» SUPPLIED DATA
###

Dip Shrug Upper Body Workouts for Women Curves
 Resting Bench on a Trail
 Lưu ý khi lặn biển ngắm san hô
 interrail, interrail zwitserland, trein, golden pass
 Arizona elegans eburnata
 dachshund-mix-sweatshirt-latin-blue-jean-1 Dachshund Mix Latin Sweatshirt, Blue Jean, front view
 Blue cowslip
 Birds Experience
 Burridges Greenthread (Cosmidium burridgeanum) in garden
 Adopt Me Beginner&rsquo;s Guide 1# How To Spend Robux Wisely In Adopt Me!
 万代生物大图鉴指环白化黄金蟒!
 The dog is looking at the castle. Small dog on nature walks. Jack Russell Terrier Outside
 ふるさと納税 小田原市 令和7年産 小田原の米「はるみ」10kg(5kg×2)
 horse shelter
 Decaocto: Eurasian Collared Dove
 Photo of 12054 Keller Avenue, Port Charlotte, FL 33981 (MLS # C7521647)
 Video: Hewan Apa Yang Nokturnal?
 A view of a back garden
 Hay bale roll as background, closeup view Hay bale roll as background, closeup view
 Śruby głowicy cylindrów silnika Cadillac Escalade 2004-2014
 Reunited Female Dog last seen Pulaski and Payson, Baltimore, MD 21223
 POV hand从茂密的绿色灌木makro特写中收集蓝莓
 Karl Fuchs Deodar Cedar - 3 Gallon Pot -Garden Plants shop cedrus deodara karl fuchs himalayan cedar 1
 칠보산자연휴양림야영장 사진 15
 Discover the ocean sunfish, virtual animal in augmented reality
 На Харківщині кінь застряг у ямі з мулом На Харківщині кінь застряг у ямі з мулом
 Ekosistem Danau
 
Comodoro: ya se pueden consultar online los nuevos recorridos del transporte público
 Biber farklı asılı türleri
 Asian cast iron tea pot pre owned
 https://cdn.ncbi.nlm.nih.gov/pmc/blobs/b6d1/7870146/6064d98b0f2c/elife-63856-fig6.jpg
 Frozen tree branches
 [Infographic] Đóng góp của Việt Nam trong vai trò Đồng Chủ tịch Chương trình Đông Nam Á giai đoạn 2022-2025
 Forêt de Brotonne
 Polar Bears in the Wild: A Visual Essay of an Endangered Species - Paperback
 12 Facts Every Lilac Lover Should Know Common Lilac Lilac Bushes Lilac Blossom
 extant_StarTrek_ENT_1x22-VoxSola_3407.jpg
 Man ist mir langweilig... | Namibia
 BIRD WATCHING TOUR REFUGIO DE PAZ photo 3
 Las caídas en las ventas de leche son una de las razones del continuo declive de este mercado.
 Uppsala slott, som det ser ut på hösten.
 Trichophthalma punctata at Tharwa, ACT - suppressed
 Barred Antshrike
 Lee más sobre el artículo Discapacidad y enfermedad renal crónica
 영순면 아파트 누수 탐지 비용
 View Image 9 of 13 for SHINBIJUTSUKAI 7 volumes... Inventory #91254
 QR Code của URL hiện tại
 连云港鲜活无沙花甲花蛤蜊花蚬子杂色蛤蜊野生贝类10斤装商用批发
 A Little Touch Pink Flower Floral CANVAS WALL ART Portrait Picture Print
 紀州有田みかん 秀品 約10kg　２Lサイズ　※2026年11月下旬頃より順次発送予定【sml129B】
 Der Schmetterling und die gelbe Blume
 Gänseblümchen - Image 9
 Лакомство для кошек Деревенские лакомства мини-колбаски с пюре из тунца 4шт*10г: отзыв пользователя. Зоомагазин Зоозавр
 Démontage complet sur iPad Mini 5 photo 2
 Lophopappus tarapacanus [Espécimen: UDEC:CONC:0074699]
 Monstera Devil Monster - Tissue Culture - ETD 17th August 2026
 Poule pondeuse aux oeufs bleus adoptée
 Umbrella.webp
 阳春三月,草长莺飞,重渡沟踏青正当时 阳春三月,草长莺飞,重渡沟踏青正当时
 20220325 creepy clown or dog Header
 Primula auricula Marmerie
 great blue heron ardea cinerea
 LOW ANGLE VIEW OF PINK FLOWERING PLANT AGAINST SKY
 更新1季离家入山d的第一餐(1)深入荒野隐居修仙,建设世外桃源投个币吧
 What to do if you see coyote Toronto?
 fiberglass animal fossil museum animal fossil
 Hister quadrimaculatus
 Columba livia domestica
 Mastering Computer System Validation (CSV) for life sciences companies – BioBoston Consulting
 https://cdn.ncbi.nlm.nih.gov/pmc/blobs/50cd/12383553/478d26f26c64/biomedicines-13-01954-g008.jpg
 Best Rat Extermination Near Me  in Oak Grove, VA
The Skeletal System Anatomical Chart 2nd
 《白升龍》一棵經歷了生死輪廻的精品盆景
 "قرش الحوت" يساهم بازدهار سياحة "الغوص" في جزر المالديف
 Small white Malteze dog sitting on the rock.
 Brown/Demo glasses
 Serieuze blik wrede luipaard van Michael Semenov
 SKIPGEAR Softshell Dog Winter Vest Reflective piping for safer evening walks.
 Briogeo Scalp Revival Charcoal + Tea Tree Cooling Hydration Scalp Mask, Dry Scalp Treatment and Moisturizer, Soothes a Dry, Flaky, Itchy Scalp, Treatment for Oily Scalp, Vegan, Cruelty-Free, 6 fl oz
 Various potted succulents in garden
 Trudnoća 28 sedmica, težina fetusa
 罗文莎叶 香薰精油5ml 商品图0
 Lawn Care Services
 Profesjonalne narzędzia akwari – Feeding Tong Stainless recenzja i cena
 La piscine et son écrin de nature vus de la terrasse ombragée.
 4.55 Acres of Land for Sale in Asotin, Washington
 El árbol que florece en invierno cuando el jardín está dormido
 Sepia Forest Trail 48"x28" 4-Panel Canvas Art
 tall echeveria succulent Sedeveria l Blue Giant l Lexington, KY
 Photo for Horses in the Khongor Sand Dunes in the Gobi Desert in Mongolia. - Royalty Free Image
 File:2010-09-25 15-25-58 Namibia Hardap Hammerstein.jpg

###

Write every line of the material above again, exactly.

Dip Shrug Upper Body Workouts for Women Curves
 Resting Bench on a Trail
 Lưu ý khi lặn biển ngắm san hô
 interrail, interrail zwitserland, trein, golden pass
 Arizona elegans eburnata
 dachshund-mix-sweatshirt-latin-blue-jean-1 Dachshund Mix Latin Sweatshirt, Blue Jean, front view
 Blue cowslip
 Birds Experience
 Burridges Greenthread (Cosmidium burridgeanum) in garden
 Adopt Me Beginner&rsquo;s Guide 1# How To Spend Robux Wisely In Adopt Me!
 万代生物大图鉴指环白化黄金蟒!
 The dog is looking at the castle. Small dog on nature walks. Jack Russell Terrier Outside
 ふるさと納税 小田原市 令和7年産 小田原の米「はるみ」10kg(5kg×2)
 horse shelter
 Decaocto: Eurasian Collared Dove
 Photo of 12054 Keller Avenue, Port Charlotte, FL 33981 (MLS # C7521647)
 Video: Hewan Apa Yang Nokturnal?
 A view of a back garden
 Hay bale roll as background, closeup view Hay bale roll as background, closeup view
 Śruby głowicy cylindrów silnika Cadillac Escalade 2004-2014
 Reunited Female Dog last seen Pulaski and Payson, Baltimore, MD 21223
 POV hand从茂密的绿色灌木makro特写中收集蓝莓
 Karl Fuchs Deodar Cedar - 3 Gallon Pot -Garden Plants shop cedrus deodara karl fuchs himalayan cedar 1
 칠보산자연휴양림야영장 사진 15
 Discover the ocean sunfish, virtual animal in augmented reality
 На Харківщині кінь застряг у ямі з мулом На Харківщині кінь застряг у ямі з мулом
 Ekosistem Danau
 
Comodoro: ya se pueden consultar online los nuevos recorridos del transporte público
 Biber farklı asılı türleri
 Asian cast iron tea pot pre owned
 https://cdn.ncbi.nlm.nih.gov/pmc/blobs/b6d1/7870146/6064d98b0f2c/elife-63856-fig6.jpg
 Frozen tree branches
 [Infographic] Đóng góp của Việt Nam trong vai trò Đồng Chủ tịch Chương trình Đông Nam Á giai đoạn 2022-2025
 Forêt de Brotonne
 Polar Bears in the Wild: A Visual Essay of an Endangered Species - Paperback
 12 Facts Every Lilac Lover Should Know Common Lilac Lilac Bushes Lilac Blossom
 extant_StarTrek_ENT_1x22-VoxSola_3407.jpg
 Man ist mir langweilig... | Namibia
 BIRD WATCHING TOUR REFUGIO DE PAZ photo 3
 Las caídas en las ventas de leche son una de las razones del continuo declive de este mercado.
 Uppsala slott, som det ser ut på hösten.
 Trichophthalma punctata at Tharwa, ACT - suppressed
 Barred Antshrike
 Lee más sobre el artículo Discapacidad y enfermedad renal crónica
 영순면 아파트 누수 탐지 비용
 View Image 9 of 13 for SHINBIJUTSUKAI 7 volumes... Inventory #91254
 QR Code của URL hiện tại
 连云港鲜活无沙花甲花蛤蜊花蚬子杂色蛤蜊野生贝类10斤装商用批发
 A Little Touch Pink Flower Floral CANVAS WALL ART Portrait Picture Print
 紀州有田みかん 秀品 約10kg　２Lサイズ　※2026年11月下旬頃より順次発送予定【sml129B】
 Der Schmetterling und die gelbe Blume
 Gänseblümchen - Image 9
 Лакомство для кошек Деревенские лакомства мини-колбаски с пюре из тунца 4шт*10г: отзыв пользователя. Зоомагазин Зоозавр
 Démontage complet sur iPad Mini 5 photo 2
 Lophopappus tarapacanus [Espécimen: UDEC:CONC:0074699]
 Monstera Devil Monster - Tissue Culture - ETD 17th August 2026
 Poule pondeuse aux oeufs bleus adoptée
 Umbrella.webp
 阳春三月,草长莺飞,重渡沟踏青正当时 阳春三月,草长莺飞,重渡沟踏青正当时
 20220325 creepy clown or dog Header
 Primula auricula Marmerie
 great blue heron ardea cinerea
 LOW ANGLE VIEW OF PINK FLOWERING PLANT AGAINST SKY
 更新1季离家入山d的第一餐(1)深入荒野隐居修仙,建设世外桃源投个币吧
 What to do if you see coyote Toronto?
 fiberglass animal fossil museum animal fossil
 Hister quadrimaculatus
 Columba livia domestica
 Mastering Computer System Validation (CSV) for life sciences companies – BioBoston Consulting
 https://cdn.ncbi.nlm.nih.gov/pmc/blobs/50cd/12383553/478d26f26c64/biomedicines-13-01954-g008.jpg
 Best Rat Extermination Near Me  in Oak Grove, VA
The Skeletal System Anatomical Chart 2nd
 《白升龍》一棵經歷了生死輪廻的精品盆景
 "قرش الحوت" يساهم بازدهار سياحة "الغوص" في جزر المالديف
 Small white Malteze dog sitting on the rock.
 Brown/Demo glasses
 Serieuze blik wrede luipaard van Michael Semenov
 SKIPGEAR Softshell Dog Winter Vest Reflective piping for safer evening walks.
 Briogeo Scalp Revival Charcoal + Tea Tree Cooling Hydration Scalp Mask, Dry Scalp Treatment and Moisturizer, Soothes a Dry, Flaky, Itchy Scalp, Treatment for Oily Scalp, Vegan, Cruelty-Free, 6 fl oz
 Various potted succulents in garden
 Trudnoća 28 sedmica, težina fetusa
 罗文莎叶 香薰精油5ml 商品图0
 Lawn Care Services
 Profesjonalne narzędzia akwari – Feeding Tong Stainless recenzja i cena
 La piscine et son écrin de nature vus de la terrasse ombragée.
 4.55 Acres of Land for Sale in Asotin, Washington
 El árbol que florece en invierno cuando el jardín está dormido
 Sepia Forest Trail 48"x28" 4-Panel Canvas Art
 tall echeveria succulent Sedeveria l Blue Giant l Lexington, KY
 Photo for Horses in the Khongor Sand Dunes in the Gobi Desert in Mongolia. - Royalty Free Image
 File:2010-09-25 15-25-58 Namibia Hardap Hammerstein.jpg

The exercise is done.